◆ EXTRACTED INFORMATION
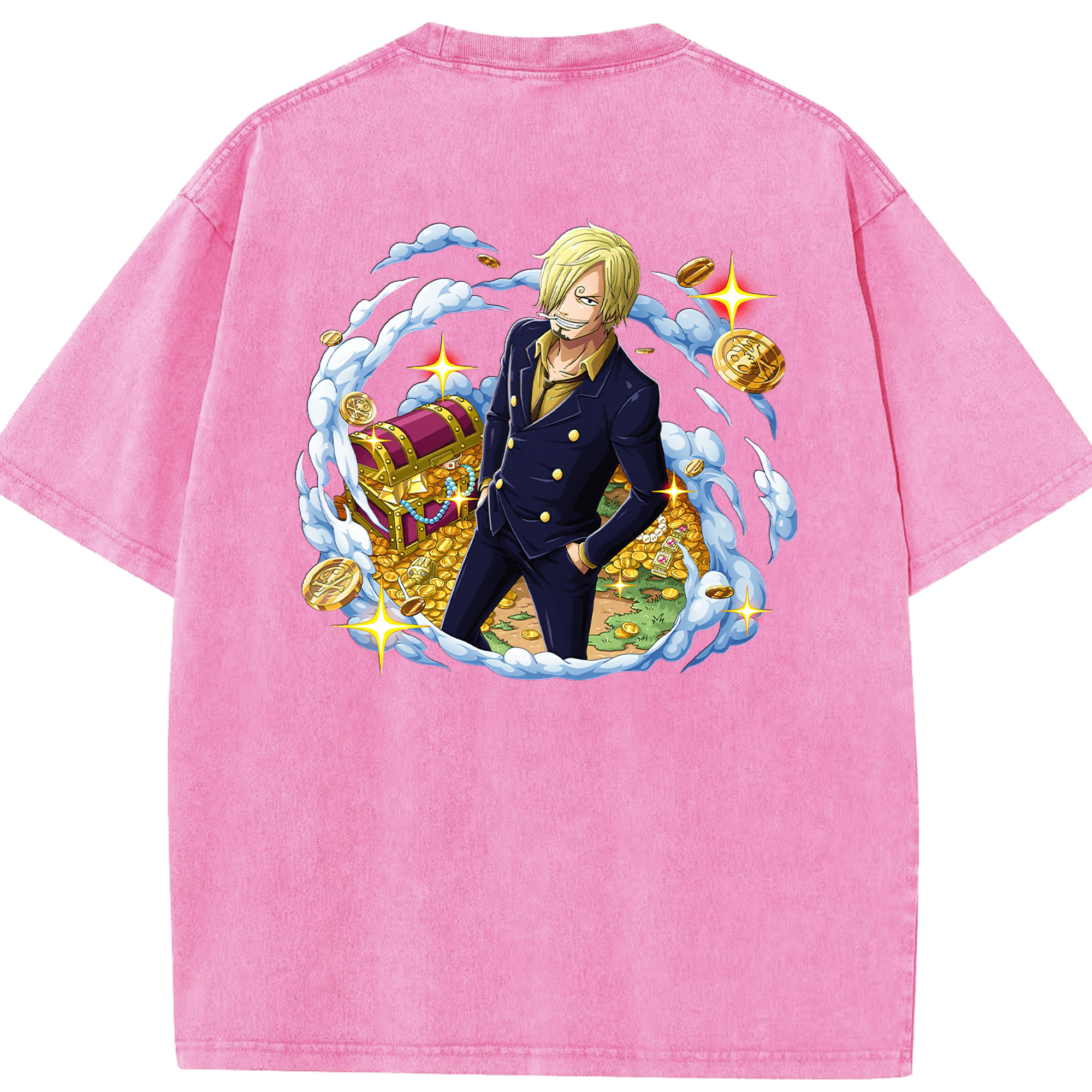 ワンピース サンジ ONE PIECE Sanji 綿100% ヴィンテージ風 半袖Tシャツ（背面プリント）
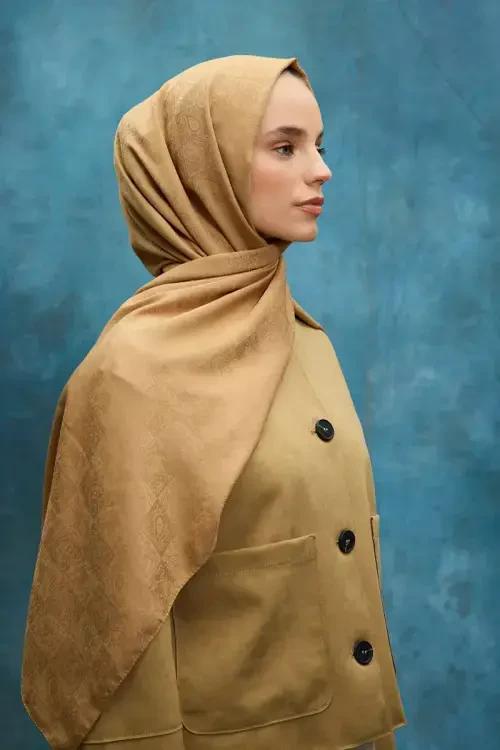 İpeksi Jakar Etnik Desen Şal - Kehribar - Camellia Scarfs (1)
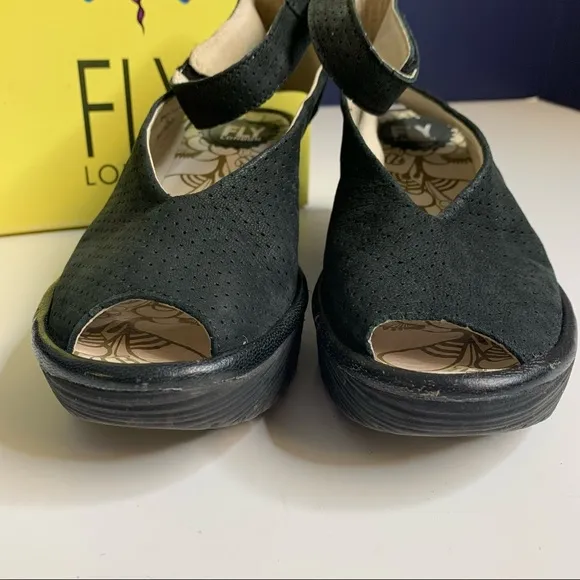Fly London Yala Black Leather Slingback Platform Wedge Sandals Size 38 US 7.5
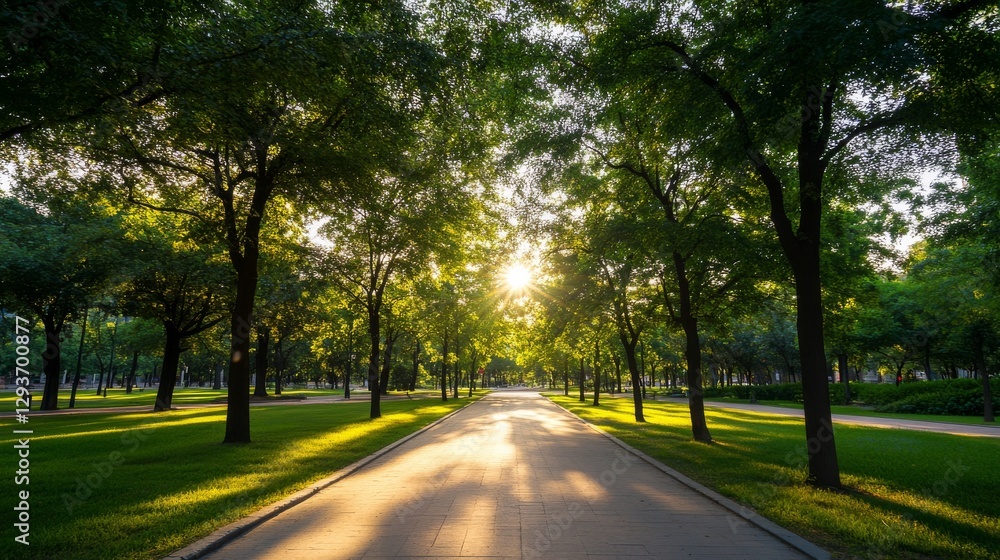 Fototapeta premium Urban city park with soft dappled morning light filtering through trees.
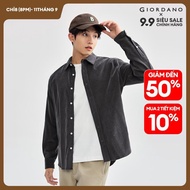 GIORDANO Men 100% Cotton Shirt Corduroy Long Sleeve Lose Design Casual Fashion Shirt For Men Free Sh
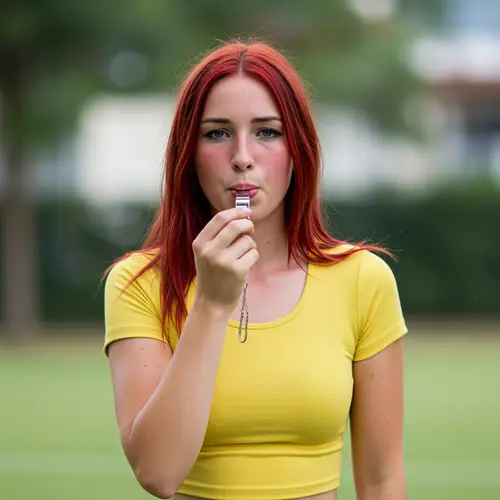 Woman Blowing a Whistle - Capture the Moment
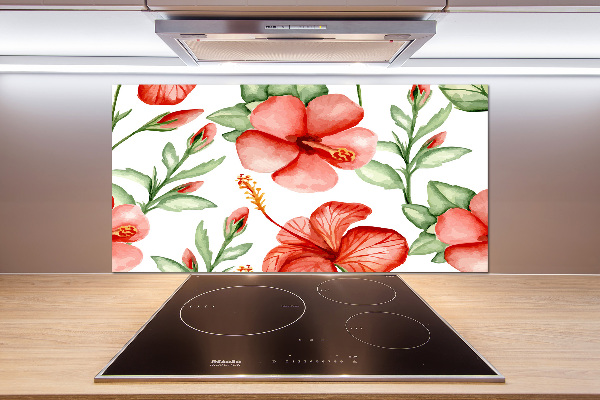 Panel de pared de cocina flores tropicales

◆ PROBLEM TO WORK ON
Restate word for word the lines beginning with the one that contains "Woman Blowing a Whistle - Capture the Moment" and ending with the last line of the listing; pictures stay out.

◆ EXERCISE OUTPUT
 Woman Blowing a Whistle - Capture the Moment
 Panel de pared de cocina flores tropicales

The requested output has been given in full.